» **Work order**
For this exercise, output the entries below exactly from the line that holds "Housse imperméable en" to the line that holds "Pistone METEOR per", both ends included. No pictures belong in the copy.

Supplied entries section start

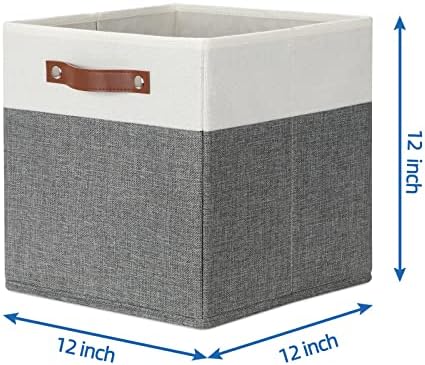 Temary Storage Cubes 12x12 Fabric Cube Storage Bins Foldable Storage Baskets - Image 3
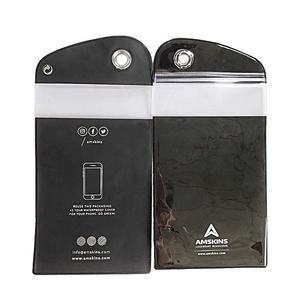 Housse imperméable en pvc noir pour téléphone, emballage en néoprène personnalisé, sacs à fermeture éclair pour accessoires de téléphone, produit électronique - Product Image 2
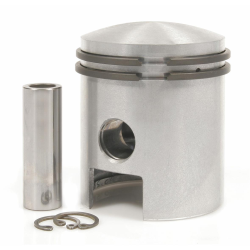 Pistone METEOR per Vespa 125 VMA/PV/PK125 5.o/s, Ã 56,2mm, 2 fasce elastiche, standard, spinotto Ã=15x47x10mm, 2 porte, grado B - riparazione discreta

Supplied entries section end
Supplied entries section start

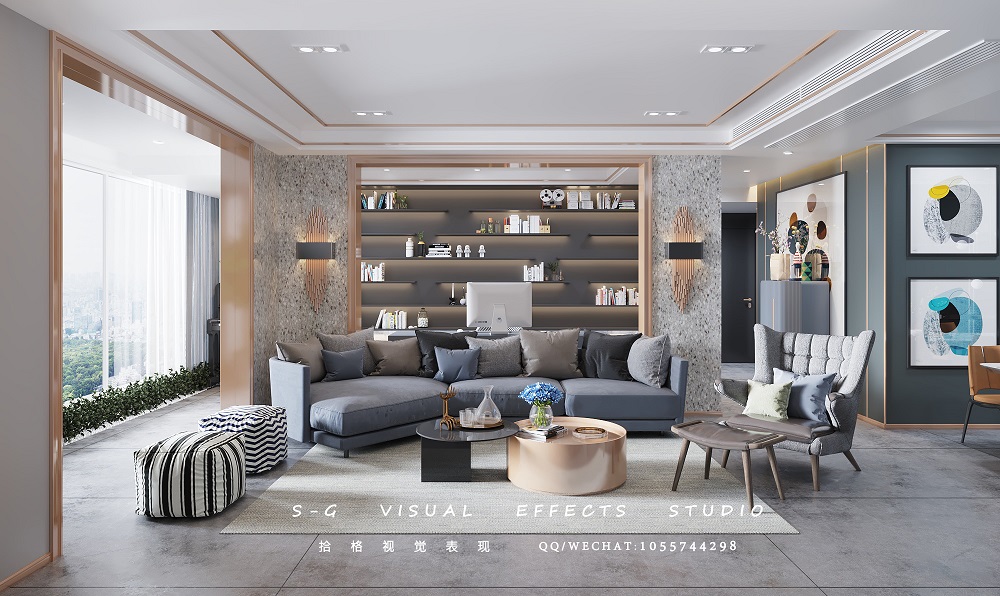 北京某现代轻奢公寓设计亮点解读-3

Supplied entries section end
Supplied entries section start

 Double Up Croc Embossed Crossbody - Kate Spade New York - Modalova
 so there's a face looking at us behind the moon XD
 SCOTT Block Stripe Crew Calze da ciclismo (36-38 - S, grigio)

Supplied entries section end

» **Solution**
 Housse imperméable en pvc noir pour téléphone, emballage en néoprène personnalisé, sacs à fermeture éclair pour accessoires de téléphone, produit électronique - Product Image 2
 Pistone METEOR per Vespa 125 VMA/PV/PK125 5.o/s, Ã 56,2mm, 2 fasce elastiche, standard, spinotto Ã=15x47x10mm, 2 porte, grado B - riparazione discreta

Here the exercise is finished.